- [GIVEN RECORDS]:
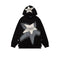 ARCHIVE No. 1000 ALL STAR HOODIE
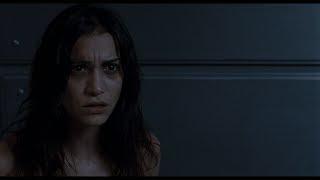 Мученицы / Martyrs (2008) - Trailer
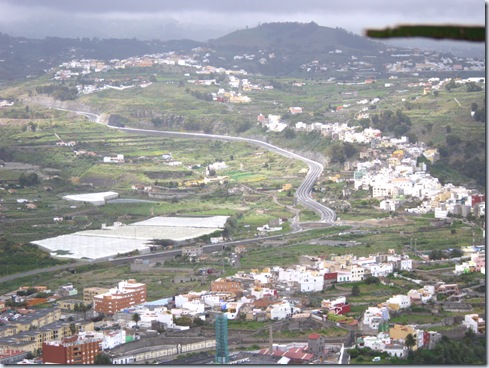 20110403=Desde mirador 2
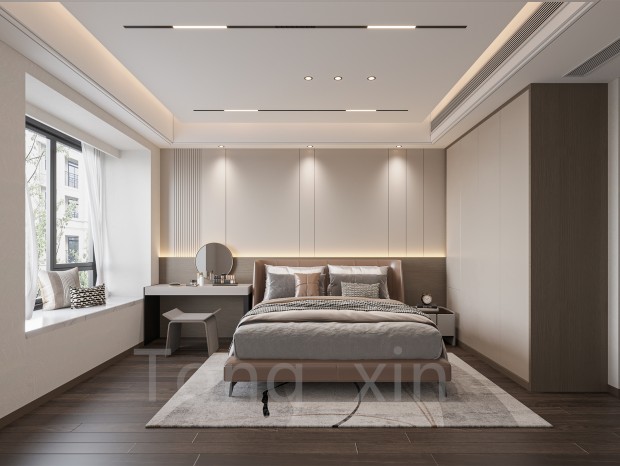 �ִ����ݼ�װ���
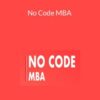 Seth Kramer No Code MBA 250x343 1 » Courses[GB]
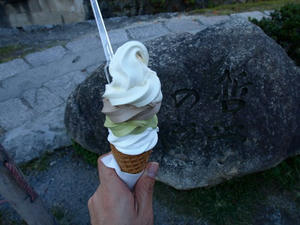 PB121100shuusei.JPG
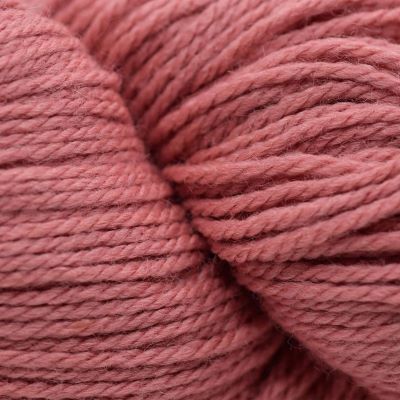Berroco - Vintage DK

- [YOUR GOAL]:
Copy the data word for word, no pictures.

- [RESULT FOR THIS EXERCISE]:
 ARCHIVE No. 1000 ALL STAR HOODIE
 Мученицы / Martyrs (2008) - Trailer
 20110403=Desde mirador 2
 �ִ����ݼ�װ���
 Seth Kramer No Code MBA 250x343 1 » Courses[GB]
 PB121100shuusei.JPG
Berroco - Vintage DK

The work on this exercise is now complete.